Ironizando, Eduardo Moreira, disse que mesmo que se faça a “lição de casa”, não está garantido que a arrecadação acima do esperado seja destinada a investimentos.
“Vamos supor que a gente faça a ‘lição de casa’ que o Banco Central outorgou como responsabilidade para gente fazer: rever a desoneração dos combustíveis, o arcabouço fiscal, a gente fazer isto e aquilo… e o Banco Central caia os juros em 4%, 5% nesse ciclo. Estamos falando de R$ 200, R$ 250 bilhões de dinheiro a menos que nós vamos gastar e ninguém questiona se isso vai poder virar investimentos, porque a gente só fala em superávit primário – uma regra que se criou que também existe em poucos lugares do mundo”, frisou Moreira. “Se criou no Brasil o seguinte: o dinheiro que a gente tem que pagar para os investidores dos nossos títulos públicos, que eu gosto de repetir mesmo, para Faria Lima, ele é mais importante do que o resto, vamos resolver o primário porque nosso objetivo é pagar juros”, criticou o economista.
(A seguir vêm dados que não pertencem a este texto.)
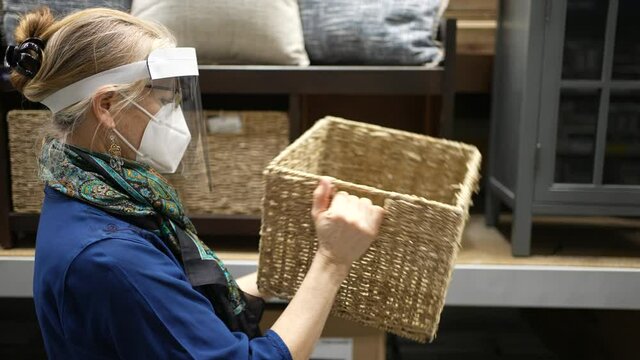 Mature woman wearing face shield and mask shopping for furniture in big box retail hardware store. Concept of safe shopping during pandemic.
“A dúvida é o seguinte: se a gente crescer mais do que o esperado, se a gente tiver uma arrecadação muito acima do esperado, a gente está aqui conseguindo um espacinho para poder crescer mais do que 2,5%, aqui o nosso gasto real, o nosso teto de gasto real. E se a gente cair 5% da taxa de juros, se a gente tiver uma economia de R$ 250 bilhões por ano em relação ao que a gente tem hoje, nada disso pode ser usado para a gente crescer? Nada disso pode ser usado para investimento?, questionou Eduardo Moreira.
“Eu acho que a gente tem um problema. Eu não sei com todas essas amarras, com todas essas limitações, e vejam que aqui, não tem ingenuidade de imaginar que seja fácil.. ‘ah, então bota de dois e meio para cinco’. Tem que combinar com todo mundo. Tem que combinar com o Congresso, tem que combinar com a Frente Ampla, tem que combinar com os empresários. Então, ninguém aqui está falando que é fácil, mas o ponto é que com este arcabouço o que a gente tem hoje, eu acho que é muito difícil a gente imaginar um crescimento de quatro, cinco; isso fica parecendo que a gente está falando de uma maluquice, mas a média de crescimento nos governos Lula foi essa, acima de 4%, um pouco acima de 4%. E isso me parece uma impossibilidade com esse arcabouço”.
“A pergunta que eu me faço é a seguinte, com esse país da forma como está, será que politicamente isso é viável? Se a gente crescer 1,5%, 2% nos próximos anos a gente deixa todo mundo tranquilo? A situação de risco parece controlada? Na verdade não está, porque se politicamente não está, o risco não está controlado. Será que isso é viável? Será que é viável a gente imaginar um projeto de país, um projeto de poder que dure décadas começando, assim, num país que está dividido meio a meio e sem poder aproveitar algum soluço de crescimento que a gente venha ter, e se a gente tiver soluço de crescimento grande a gente vai ter que puxar o freio, porque essa regra coloca algum freio”, alertou o economista Eduardo Moreira.
“Condenados a não poder crescer muito, não só a gente coloca em risco pessoas que não podem esperar, mas coloca principalmente em risco a possibilidade de poder viver longe desses fascistas e desse representante da extrema direita”, afirmou.